Note: [1] Joint first authors.
Note: [2] Joint senior authors.
Abstract: Both healthy and pathological aging due to Alzheimer’s disease (AD) are associated with decreased brain grey matter volume (GMV) and disrupted white matter (WM) microstructure. Thinner macular ganglion cell-inner plexiform layer (GC-IPL) measured by spectral-domain optical coherence tomography has been reported in patients with AD and mild cognitive impairment. Emerging evidence suggested a link between thinner GC-IPL and lower GMV in subjects with no dementia using region-of-interest-based approach. However, it remains unknown whether GC-IPL thickness is associated with brain WM microstructure and how such association differed between normal and cognitively impaired subjects.

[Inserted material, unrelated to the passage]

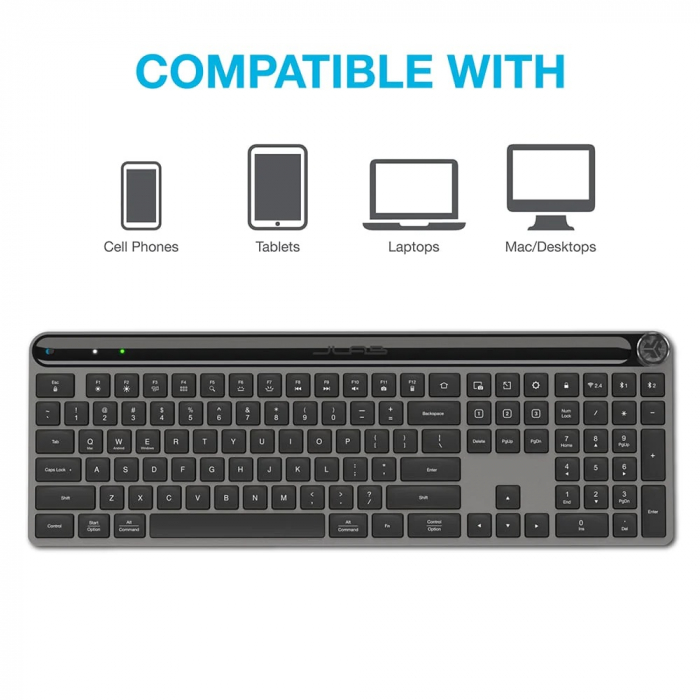 JLAB Epic Keyboard US - Black [7]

Here, for subjects with no cognitive impairment (NCI), thinner GC-IPL was associated with lower WM microstructure integrity in the superior longitudinal fasciculus, inferior fronto-occipital fasciculus, corticospinal tracts, anterior thalamic radiation, and cingulum regions, while it was weakly associated with lower GMV in visual cortex and cerebellum. Nevertheless, these retina-brain associations were disrupted in the presence of cognitive impairment. Correlations between GMV and GC-IPL were lost in patients with cognitive impairment but no dementia (CIND) and AD patients. GC-IPL was related to WM microstructural disruption in similar regions with decreased significance. In contrast, lower WM microstructure integrity in the fornix showed a trend of correlation with thinner GC-IPL in both CIND and AD but not NCI. Collectively, our findings suggest the possible physiological retina-brain relationship in healthy aging, which might be disrupted by disease-induced changes in patients with cognitive impairment. Longitudinal study with larger patient sample should follow to confirm the disease mechanism behind these retina-brain relationship changes.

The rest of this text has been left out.